SXSW22 is over, and as I reflect on the conference, it was a great week with tons of impressions, insights, and new connections.

Your Majesty was in Austin because we partnered with Lyra Ventures, ALTAVA GROUP, Future Intelligence Group, and LUKSO to host a panel named The Future of Fashion in the Metaverse to discuss the status quo and future direction of this currently hyped and very nascent space.

On the panel were (from the right) Andrew Ku, co-founder, and CEO of ALTAVA GROUP, Cathy Hackl, Chief Metaverse Office at The Future Intelligence Group, and Marjorie Hernandez, CEO and co-founder of LUKSO and The Dematerialised.

The panel was moderated by Your Majesty’s Strategy Director, Viet Hoang.

I was pleased to be front row at the event and took extensive notes during the 60-minute conversation.

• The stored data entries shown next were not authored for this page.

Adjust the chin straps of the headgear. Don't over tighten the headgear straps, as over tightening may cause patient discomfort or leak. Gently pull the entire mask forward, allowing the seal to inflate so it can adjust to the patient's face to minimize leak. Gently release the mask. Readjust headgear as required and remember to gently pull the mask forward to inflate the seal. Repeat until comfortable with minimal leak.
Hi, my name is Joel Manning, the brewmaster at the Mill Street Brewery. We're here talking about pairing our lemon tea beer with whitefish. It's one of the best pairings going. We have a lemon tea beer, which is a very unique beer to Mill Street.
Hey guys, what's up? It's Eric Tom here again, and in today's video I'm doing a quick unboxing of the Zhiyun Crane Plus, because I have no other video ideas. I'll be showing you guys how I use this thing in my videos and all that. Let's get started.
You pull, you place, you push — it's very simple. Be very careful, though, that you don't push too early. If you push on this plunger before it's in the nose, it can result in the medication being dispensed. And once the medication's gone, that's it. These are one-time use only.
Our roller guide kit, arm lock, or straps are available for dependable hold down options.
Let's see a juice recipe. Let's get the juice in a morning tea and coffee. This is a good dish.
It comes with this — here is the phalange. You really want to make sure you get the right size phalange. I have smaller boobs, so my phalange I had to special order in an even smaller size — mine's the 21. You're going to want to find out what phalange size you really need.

In this article, I summarized my key takeaways from the panel and broke them into themes relating to how brands and creators can succeed in The Metaverse and NFT projects.

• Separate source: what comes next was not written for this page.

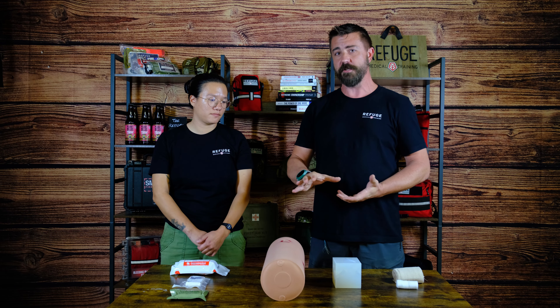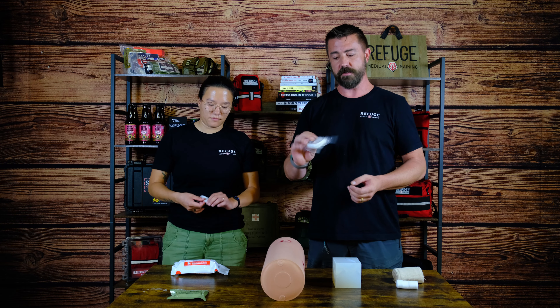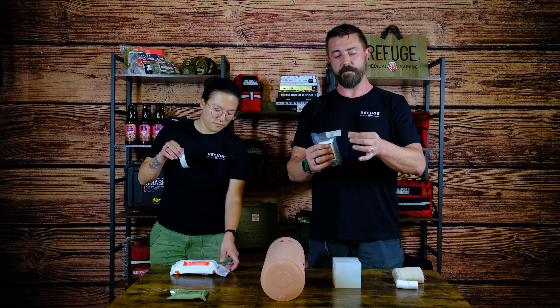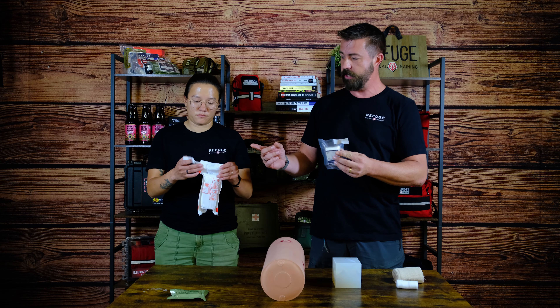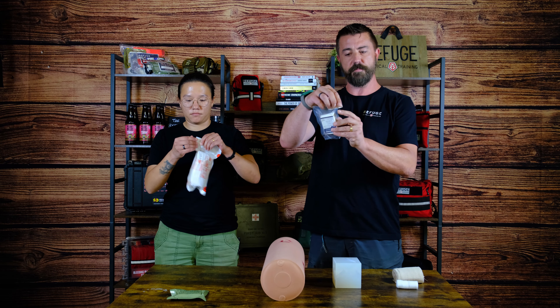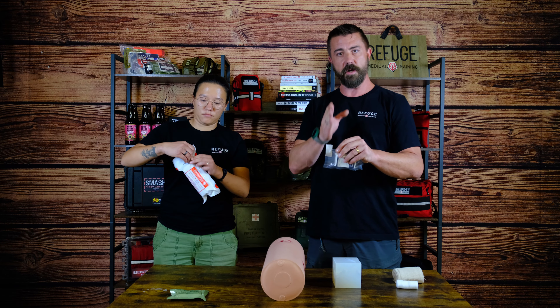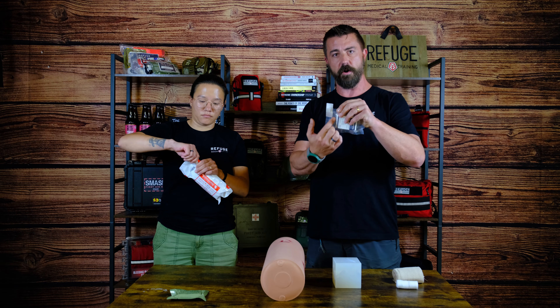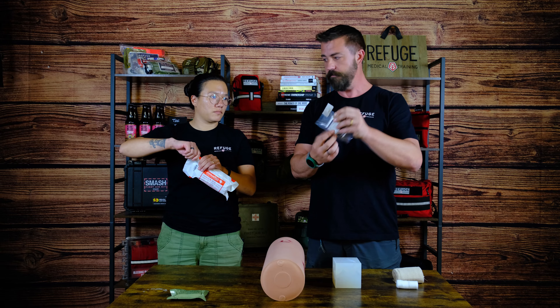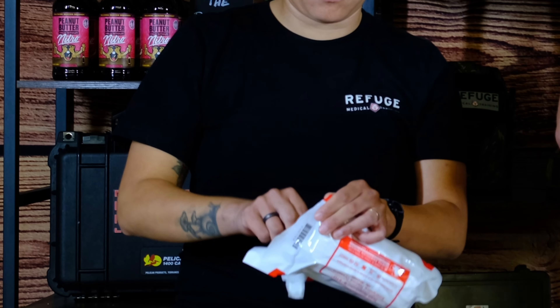One of the first things you may want to do is actually pre-stage your gear. With this package of compressed gauze, I've already applied tape to the edge. You can take a piece of medical tape, duct tape, anything like that, and place it just above the machine-made notch. If that notch is not super sharp, you may want to cut it with a knife, but don't penetrate all the way into the sealed area. That makes it much easier to tear open.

What are some of the defining characteristics of compelling fashion experiences in the Metaverse?

Going beyond virtual malls and digital catwalks

We’ve seen a few representations of brands opening malls or catwalks “in the Metaverse” that look more or less identical to their physical counterparts. Although it’s a start, these experiences come across as unimaginative as it plays by the constraints of the real world in a realm where anything is possible.

Fashion experiences that are effective in this space will start with the creator’s core vision and create digital experiences that tell their unique story in ways that the physical world can’t mimic.

It’s not enough to just digitize physical assets for a virtual sale.

It’s not enough to just digitize physical assets for a virtual sale

To be effective and meaningful, a digital product sold should have an experience tied to it.

Plans for long-term utility

Successful NFT projects all have in common their ability to create future value for their holders. Whether you plan it in advance or figure it out on the way, effective projects commit to making a roadmap with layers of experience and utility to unlock deeper relationships with their audiences and create more shared values.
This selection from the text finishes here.